Окончание. Начало см.
http://gaidam.livejournal.com/19687.html ВОЗВРАЩЕНИЕ
С тех пор как в Магнитогорске получили долгожданное известие о возвращении Виктора, ежедневный маршрут Лели стал пролегать через перрон старого вокзала. Она приходила сюда и в теплые дни ранней осени, и в сменившие их дождь и зимний холод. Четыре года разлуки должны были со дня на день завершиться радостной встречей. Но дней проходило все больше, а ожидание становилось бесконечным... Конечно же, они обязательно узнают друг друга в любой толпе. Если не увидят, то почувствуют сердцем - ведь именно так показывались подобные сцены встречи после долгой разлуки в кинофильмах военных лет: широкий разворот солдатских плеч, она, уткнувшаяся в серое сукно военной шинели, и счастливые улыбки сквозь слезы радости...

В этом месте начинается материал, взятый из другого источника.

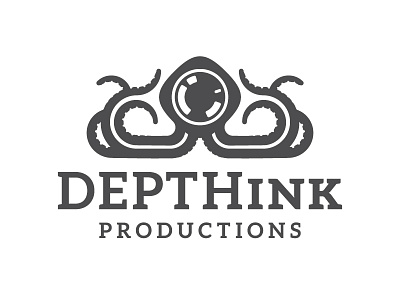 DEPTHink Logo camera eye ink lens logo monster octopus squid symmetrical tentacle tentacles video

Но ничего этого на перроне станции Магнитогорск-Товарная так и не случилось. В тот уже неизвестно какой по счету день ожидания, когда в Магнитку прибыл наконец долгожданный состав, ни Леля, ни Виктор не увидели и не почувствовали друг-друга в толпе вокзальной круговерти.
Побродив в толпе, Леля привычной дорогой направилась к трамвайной остановке. Почти машинально поднялась на переднюю площадку второго вагона, встала у окна... Под стук колес на душу наваливалась усталость бесконечных, казалось, лет ожидания. Через пустые провалы окон вагон продувался всеми ветрами, но Леля не замечала ни холода декабрьской стужи, ни странного пассажира, возникшего вдруг в проеме окна переднего вагона.
- Леля!
Она вдруг подняла сверкавшие от слез глаза на этот полупростуженный оклик. Старая немецкая шинель, исхудавшее обветренное лицо, покрытое рубцами от ожогов... И взгляд - взгляд, который невозможно было спутать ни с чьим другим. А Виктор уже бежал, бежал к дверям ее вагона, и эти последние несколько метров, отделявшие их сейчас друг от друга, казались обоим бесконечней той долгой дороги, которую им довелось преодолеть за четыре нелегких года.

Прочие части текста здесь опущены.